One positive aspect of COVID 19 is that people are reading more. And while reading is always an excellent pastime, please take a moment to consider ordering your books from independent bookstores, whose very existence must compete with the online sites of mammoth distributors.

In 2019 there were 2,524 independent bookstores in America. I hope that they all survive.

One of my earlier work fantasies was to run a bookstore. Like many other bibliophiles, it seems like the perfect existence, just be surrounded by books, book lovers, and cozy spaces.

However, it takes way more than that to run one successfully, as both Elizabeth Timothy and Mary Katherine Goddard soon found out.

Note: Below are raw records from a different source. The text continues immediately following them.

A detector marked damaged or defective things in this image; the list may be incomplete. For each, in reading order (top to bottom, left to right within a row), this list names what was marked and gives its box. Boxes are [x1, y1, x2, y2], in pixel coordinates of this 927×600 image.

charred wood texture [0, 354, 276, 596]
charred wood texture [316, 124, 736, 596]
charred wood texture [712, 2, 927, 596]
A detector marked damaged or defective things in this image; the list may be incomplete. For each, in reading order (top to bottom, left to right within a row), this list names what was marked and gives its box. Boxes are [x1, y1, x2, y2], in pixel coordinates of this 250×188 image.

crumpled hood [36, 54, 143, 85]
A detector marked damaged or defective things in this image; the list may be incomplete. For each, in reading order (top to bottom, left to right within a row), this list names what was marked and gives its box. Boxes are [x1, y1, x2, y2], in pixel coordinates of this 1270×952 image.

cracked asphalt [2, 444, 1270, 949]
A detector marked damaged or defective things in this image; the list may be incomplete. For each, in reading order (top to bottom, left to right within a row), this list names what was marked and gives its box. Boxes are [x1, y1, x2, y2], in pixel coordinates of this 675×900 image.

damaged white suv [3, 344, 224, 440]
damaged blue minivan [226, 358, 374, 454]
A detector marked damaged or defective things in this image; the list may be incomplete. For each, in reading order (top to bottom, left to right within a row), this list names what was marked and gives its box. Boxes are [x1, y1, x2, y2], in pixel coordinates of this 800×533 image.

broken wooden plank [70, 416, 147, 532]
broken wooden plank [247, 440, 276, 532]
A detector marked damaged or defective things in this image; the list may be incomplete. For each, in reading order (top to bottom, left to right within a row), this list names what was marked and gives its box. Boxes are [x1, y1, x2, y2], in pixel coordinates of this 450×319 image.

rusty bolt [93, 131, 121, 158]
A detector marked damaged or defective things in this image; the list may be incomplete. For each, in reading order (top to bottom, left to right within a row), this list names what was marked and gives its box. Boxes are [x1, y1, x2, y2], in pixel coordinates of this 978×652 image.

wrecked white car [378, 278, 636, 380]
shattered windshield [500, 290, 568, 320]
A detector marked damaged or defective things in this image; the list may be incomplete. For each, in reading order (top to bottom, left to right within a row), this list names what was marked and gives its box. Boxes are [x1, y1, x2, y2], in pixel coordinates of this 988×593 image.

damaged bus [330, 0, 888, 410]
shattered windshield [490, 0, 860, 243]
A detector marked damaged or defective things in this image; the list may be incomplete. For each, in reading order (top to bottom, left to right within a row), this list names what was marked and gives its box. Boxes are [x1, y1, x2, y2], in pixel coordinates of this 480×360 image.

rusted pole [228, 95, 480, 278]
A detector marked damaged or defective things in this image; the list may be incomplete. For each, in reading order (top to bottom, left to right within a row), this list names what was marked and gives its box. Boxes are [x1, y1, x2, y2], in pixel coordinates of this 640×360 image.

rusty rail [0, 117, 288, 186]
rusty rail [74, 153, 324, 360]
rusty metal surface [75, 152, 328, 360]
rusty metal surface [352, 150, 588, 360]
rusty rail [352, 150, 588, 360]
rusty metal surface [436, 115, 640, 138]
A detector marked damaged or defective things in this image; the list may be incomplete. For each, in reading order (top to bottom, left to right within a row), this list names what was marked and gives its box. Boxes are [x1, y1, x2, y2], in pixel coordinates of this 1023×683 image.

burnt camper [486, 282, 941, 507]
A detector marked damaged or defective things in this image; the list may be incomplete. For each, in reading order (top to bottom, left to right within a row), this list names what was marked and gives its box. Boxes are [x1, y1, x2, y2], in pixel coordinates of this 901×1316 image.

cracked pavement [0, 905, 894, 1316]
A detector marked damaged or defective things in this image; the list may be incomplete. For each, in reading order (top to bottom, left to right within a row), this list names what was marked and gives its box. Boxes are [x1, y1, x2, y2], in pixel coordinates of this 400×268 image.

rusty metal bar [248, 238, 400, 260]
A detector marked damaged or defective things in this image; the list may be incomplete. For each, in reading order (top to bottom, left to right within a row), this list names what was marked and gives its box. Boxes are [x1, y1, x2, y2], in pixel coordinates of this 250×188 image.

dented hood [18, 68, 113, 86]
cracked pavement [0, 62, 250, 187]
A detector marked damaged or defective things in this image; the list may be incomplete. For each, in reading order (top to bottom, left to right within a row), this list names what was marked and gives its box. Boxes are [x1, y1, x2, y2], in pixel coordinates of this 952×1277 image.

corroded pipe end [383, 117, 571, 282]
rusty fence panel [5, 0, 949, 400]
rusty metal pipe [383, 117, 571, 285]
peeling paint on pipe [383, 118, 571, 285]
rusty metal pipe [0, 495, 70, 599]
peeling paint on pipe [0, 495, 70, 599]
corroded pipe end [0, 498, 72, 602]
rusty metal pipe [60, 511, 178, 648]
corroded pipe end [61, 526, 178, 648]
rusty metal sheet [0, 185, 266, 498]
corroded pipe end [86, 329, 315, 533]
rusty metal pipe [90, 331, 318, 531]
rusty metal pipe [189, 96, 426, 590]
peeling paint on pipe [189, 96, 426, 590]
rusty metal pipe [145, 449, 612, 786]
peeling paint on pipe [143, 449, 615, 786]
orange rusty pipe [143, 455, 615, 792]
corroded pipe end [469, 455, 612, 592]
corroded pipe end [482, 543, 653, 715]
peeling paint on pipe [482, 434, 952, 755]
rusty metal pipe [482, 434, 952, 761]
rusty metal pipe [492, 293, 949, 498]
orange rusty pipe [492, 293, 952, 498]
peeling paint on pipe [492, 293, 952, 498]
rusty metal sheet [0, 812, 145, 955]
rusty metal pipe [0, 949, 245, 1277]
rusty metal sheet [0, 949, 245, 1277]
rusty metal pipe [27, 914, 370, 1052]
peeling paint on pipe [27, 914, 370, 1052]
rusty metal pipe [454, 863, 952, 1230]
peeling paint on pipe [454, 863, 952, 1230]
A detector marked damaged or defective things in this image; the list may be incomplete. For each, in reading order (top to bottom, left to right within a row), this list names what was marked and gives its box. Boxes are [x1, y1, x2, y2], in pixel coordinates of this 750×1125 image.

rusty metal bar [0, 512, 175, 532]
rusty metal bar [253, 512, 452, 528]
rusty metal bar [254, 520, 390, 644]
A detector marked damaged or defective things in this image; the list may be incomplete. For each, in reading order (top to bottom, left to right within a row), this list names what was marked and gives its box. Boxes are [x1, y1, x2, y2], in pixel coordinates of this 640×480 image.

Elizabeth Timothy is often credited as the first female publisher in America to own and operate a bookstore. As with many of the colonial bookstores, it was a part of Elizabeth’s printing business. At age 36, in 1738, she found herself a widow and took over her husband’s printing business in Charleston, S.C. On the side, she also printed and sold books, and oh yes, raised her six children.

If we jump ahead to 1775, we find Mary Katherine Goddard. She worked as a postmistress in Baltimore, Maryland, and ran a printing business with her brother. In addition to printing, she also offered books for sale. Her other claim to fame is that she printed the second copy of the Declaration of Independence with all of the signers’ names.

It seems that through the ages, women ran bookstores alongside men.

Of course, without writers, there would not have been any books to sell.

The first female writer to have a secular book published was Anne Bradstreet from Massachusetts in 1650. Her brother-in-law took her book of poems and had them published in London, then returned with the copies to the colony of Massachusetts.

In 1682 Mary Rowlandson wrote of her experiences as a captive of the Wampanoag tribe of Rhode Island. It was a captivating story (yes, an intended pun) because it went through 30 editions.

Within the next one hundred years, poetry from free African-Americans such as Phyllis Wheatley was published and in popular demand. By 1833 anti-slavery books were coming into print, alerting the nation to the evils of slavery in our own country.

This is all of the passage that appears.